Inner ring-road dual carriageway, pedestrian underpass interchange with sunken plaza, integrated multi-level parking: Maid Marian Way boasted the full set of dread phrases from the 1960s book of Great Big Urban Fuck-Ups. It announced itself, just up the road from my hotel, with a six-lane arc of traffic that snarled out from beneath four storeys of NCP’s finest. I negotiated this and found myself faced with a sweeping incline of motorway, flanked with painstakingly undistinguished concrete boxes. Nearly all bore tribute to the period rule that no structure could not be enhanced by sticking a multi-storey car park on top of it. So far, so predictably awful. I only grasped what set Maid Marian Way apart from its umpteen bumfaced brethren when I glanced down the first street that led off it. This truncated throughfare was home to a modest parade of handsome Georgian townhouses, and identified itself as Castle Gate – which I employed my Scandi-by-marriage super-powers to date to Viking times (gata being Norse for street). A floodlit section of old wall at the road’s nearby fundament indeed proved to be the outer defences of Nottingham Castle, and with a nauseous lurch of innards I suddenly grasped the enormity of what had happened here – Maid Marian Way had been driven right through the very heart of old Nottingham, with all the tender grace of Monty Python’s foot. Medieval inns and merchants’ homes, a row of Pevsner-feted almshouses, street after elegant street of eighteenth-century residences: my later research detailed the toll. A half-mile swathe of the city’s most treasured and historically significant buildings wilfully dashed away at a stroke, a go-faster stripe for a streamlined, speeding future that never came to pass.

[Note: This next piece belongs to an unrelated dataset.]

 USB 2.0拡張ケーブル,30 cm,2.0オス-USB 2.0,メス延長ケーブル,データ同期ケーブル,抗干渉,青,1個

You only had to look at what survived to realise how much history had been lost. One of the few remaining houses on Castle Gate bore a plaque in honour of Marshal Tallard, commander of the French forces defeated at Blenheim in 1704. How so? Well, the captured marshal spent six years living there under house arrest, during which time he won round the citizenry by teaching them how to bake white bread and cultivate celery, a vegetable that Britons had never previously considered edible. A thousand such wonderful tales bulldozed away. How apt it seemed that having laid waste to so much of Nottingham’s genuine heritage, the civic authorities named the ghastly ring road thus accommodated after a fairy-tale fiction: a made-up maid who the storytellers didn’t even associate with a made-up merry man until the late sixteenth century, three hundred years after neither of them were born.

The first pub I grumbled moodily into was another plucky survivor, spared from the Python foot by half a toenail, evening traffic flashing past its gabled frontage. I went down to the vaulted cellar bar and found it well populated with besuited office workers, all gamely endeavouring to enjoy a restrained after-work drink above the shrieking incoherence of the very heaviest of metal. It seemed too safe to connect this soundtrack to the buckle-belted, eyelinered barman, not that it had brought much joy into his life. His entirely blank expression didn’t even twitch when I bellowed my order for a Kola Kube vodka shot. Somewhere under that wailing wall of distortion I could just make out the squelchy chomp of a man being eaten alive by his own sweet tooth.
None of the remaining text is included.